Bringing Word of the Day by LookUp to Apple TV

How an action-centered-design framework and SwiftUI helped me build the Apple TV app for Word of the Day by LookUp in an afternoon’s worth of work.

Bringing Word of the Day by LookUp to Apple TV


About 10 months ago, I launched Word of the Day by LookUp. A companion application of sorts that’s meant for the people who would like to see LookUp’s Word of the Day, but don’t want to pay for the rest of the vocabulary building feature set or dictionary features of LookUp.

I structured the app into four actions. Get today’s Word of the Day, get previous words of the day; and for each of those word of the day graphics, there are two additional functions i.e. pronounce the word, and share it with friends.

The app supports four actions


These actions are abstracted from the interface itself. Each action has a perform logic, an information layer (in this case the word of the day file or files) and an interface layer which can then take any shape.

This is an app that follows my Action-Centered-Framework where the interface is abstracted from the actions

This is an app that follows my Action-Centered-Framework.

So when a friend of mine met me a couple of weeks ago and suggested I bring the app to Apple TV, I thought to myself that this is going to be an interesting opportunity to test the flexibility of my own platform and I couldn’t have been happier with the results. I was able to bring the app to Apple TV within an afternoon’s work.

Bringing LookUp's Actions to the Apple TV with platform considerations in mind, the pronounce action evolved into a complete sentence that the app would read out to the viewer

Since each of the actions were in their own central system. I didn’t have to touch the perform logic at all. It was merely the interface logic that I was looking at, and SwiftUI helps with the rest. I figured the visionOS UI would look great on the TV as well since the two are similar media in terms of consumption of such content. I made a couple of tweaks that made the app tvOS specific; again my information layer proved to be malleable enough to transform into a new, similar view I wrote for tvOS, and voila! I had something on the tvOS running. A few tweaks later the app was ready.

What would’ve otherwise been a painfully re-drawing of views, and writing boiler plate code, was eased by abstracting the actions from the platforms. So I could focus on adapting the interface for a different platform.

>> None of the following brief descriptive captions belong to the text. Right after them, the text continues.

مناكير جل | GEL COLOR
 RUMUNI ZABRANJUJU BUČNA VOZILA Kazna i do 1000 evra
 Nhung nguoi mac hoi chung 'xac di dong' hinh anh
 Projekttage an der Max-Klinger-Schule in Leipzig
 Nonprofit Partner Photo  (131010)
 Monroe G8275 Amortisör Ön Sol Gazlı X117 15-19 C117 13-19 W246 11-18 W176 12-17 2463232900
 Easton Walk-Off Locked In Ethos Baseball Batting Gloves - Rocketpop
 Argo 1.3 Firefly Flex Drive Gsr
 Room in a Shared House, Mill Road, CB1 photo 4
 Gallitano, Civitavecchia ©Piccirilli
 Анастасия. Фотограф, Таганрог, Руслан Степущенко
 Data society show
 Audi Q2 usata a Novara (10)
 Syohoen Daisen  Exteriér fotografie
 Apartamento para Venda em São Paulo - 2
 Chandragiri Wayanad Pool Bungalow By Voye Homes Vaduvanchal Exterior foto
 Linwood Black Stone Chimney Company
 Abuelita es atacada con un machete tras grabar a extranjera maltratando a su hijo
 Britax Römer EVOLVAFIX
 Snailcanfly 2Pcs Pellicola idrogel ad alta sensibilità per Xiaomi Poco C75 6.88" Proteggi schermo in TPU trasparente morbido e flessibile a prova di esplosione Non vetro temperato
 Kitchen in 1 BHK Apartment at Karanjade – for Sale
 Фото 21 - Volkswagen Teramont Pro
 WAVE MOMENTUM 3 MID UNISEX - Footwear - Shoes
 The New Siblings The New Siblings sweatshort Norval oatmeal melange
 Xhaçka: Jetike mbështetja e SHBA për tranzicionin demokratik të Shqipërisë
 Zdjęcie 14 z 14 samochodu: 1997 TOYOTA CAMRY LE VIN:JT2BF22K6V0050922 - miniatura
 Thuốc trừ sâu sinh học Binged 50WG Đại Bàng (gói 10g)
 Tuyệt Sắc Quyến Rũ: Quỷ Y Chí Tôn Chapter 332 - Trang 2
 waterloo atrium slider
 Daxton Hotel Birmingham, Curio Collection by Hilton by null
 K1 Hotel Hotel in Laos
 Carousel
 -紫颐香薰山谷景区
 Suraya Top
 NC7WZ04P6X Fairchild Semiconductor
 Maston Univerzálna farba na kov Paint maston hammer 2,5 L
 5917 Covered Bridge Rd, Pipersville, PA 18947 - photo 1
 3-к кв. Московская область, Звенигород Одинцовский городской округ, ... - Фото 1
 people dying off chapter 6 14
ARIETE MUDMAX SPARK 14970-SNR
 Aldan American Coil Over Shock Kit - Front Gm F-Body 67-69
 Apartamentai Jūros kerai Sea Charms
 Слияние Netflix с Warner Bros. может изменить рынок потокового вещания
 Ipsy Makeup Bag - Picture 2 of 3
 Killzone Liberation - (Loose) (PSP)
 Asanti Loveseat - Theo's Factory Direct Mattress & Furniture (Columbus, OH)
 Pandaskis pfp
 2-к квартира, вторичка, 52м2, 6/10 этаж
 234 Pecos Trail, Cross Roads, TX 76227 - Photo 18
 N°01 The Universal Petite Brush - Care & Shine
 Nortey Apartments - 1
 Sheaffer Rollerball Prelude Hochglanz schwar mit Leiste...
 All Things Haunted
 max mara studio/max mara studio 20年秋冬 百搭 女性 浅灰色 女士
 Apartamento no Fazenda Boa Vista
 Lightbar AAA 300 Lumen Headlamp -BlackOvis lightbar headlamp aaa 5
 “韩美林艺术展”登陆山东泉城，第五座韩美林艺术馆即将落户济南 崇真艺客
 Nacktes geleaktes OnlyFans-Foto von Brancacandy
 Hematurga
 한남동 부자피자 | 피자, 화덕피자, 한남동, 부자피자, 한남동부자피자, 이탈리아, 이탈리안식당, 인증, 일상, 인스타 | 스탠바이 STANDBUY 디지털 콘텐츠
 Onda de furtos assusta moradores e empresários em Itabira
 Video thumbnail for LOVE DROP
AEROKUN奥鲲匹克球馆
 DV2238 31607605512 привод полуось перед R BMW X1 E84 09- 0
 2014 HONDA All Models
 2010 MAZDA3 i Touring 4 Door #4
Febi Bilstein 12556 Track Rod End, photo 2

The app scales across different platforms and different modals

An app is not just an interface on a phone screen anymore. It’s a multi-modal and multi platform experience, that goes from widgets on a phone screen to TV or mixed reality experiences. Why should we then design our apps centered around the phone or platform specific interface?

Apps are available across multiple platforms
And across modalities on each of those platforms

One more thing

As you can see with the UI here. This is a UI that’s consistent across different modalities and platforms. However it’s not same. it’s a UI that adapts and transforms into the platform it’s being displayed upon.

The same is true for the app’s icons which take shape of the platform they’re designed for. Consistent? Yes, Same? No.